● Instructions to follow:
Transcribe every entry below word for word, but skip the pictures.

+--

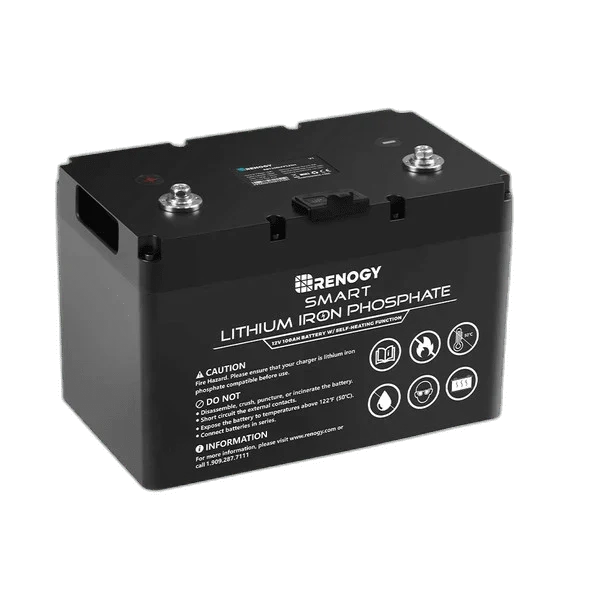 Renogy 12V 100Ah Smart Lithium Iron Phosphate Battery w/ Self-Heating Function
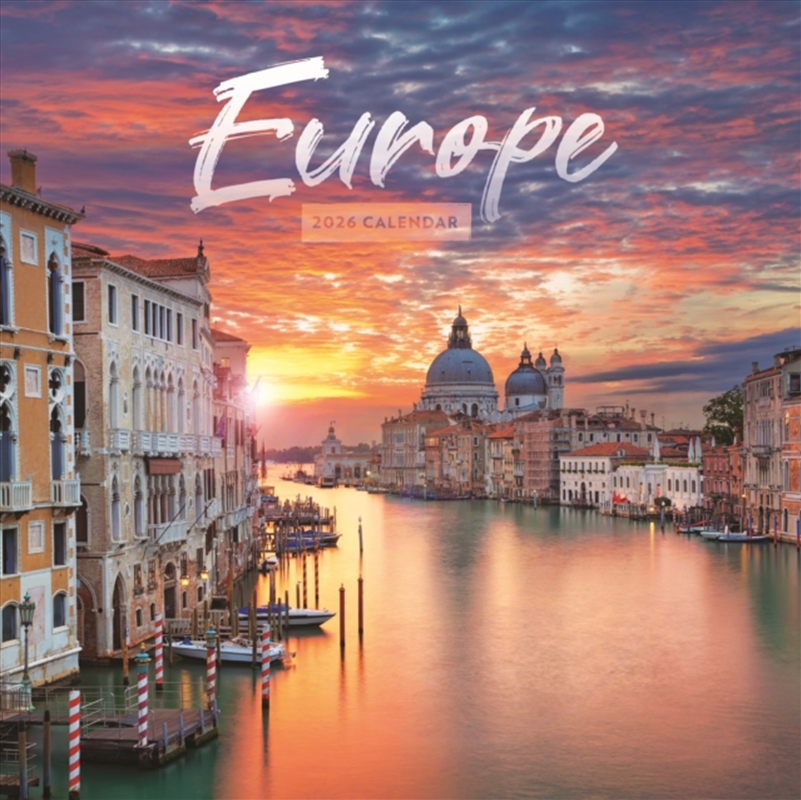 Europe Square Wall Calendar 2026/Product Detail/Calendars & Diaries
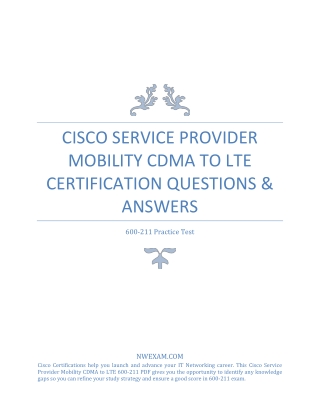 Latest Cisco 600-211 SPCDMA Certification Questions & Answers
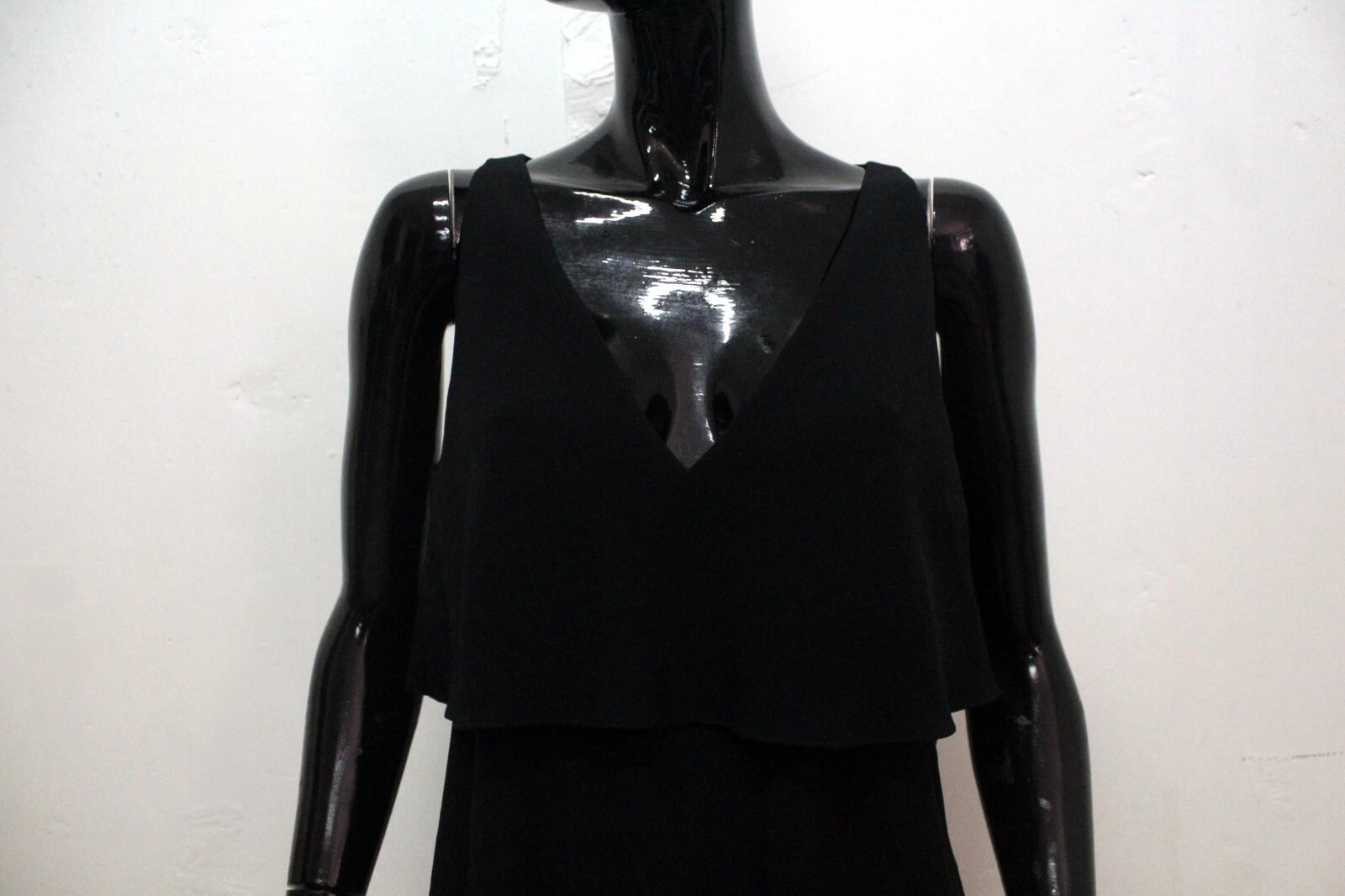 Moschino Vestito Donna Taglia 44 Abito Nero Dress Woman Tubino Vestitino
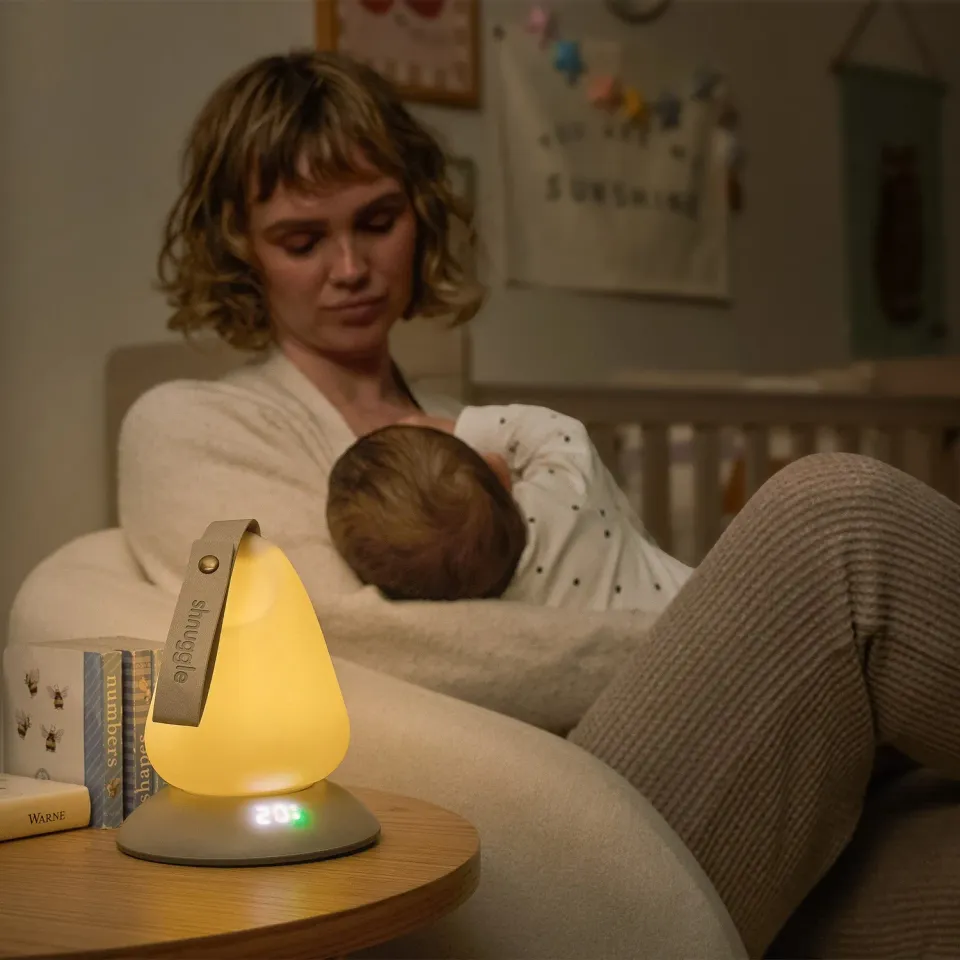 Shnuggle Moonlight Plus natlampe bærbar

+--

● Task output:
 Renogy 12V 100Ah Smart Lithium Iron Phosphate Battery w/ Self-Heating Function
 Europe Square Wall Calendar 2026/Product Detail/Calendars & Diaries
 Latest Cisco 600-211 SPCDMA Certification Questions & Answers
 Moschino Vestito Donna Taglia 44 Abito Nero Dress Woman Tubino Vestitino
 Shnuggle Moonlight Plus natlampe bærbar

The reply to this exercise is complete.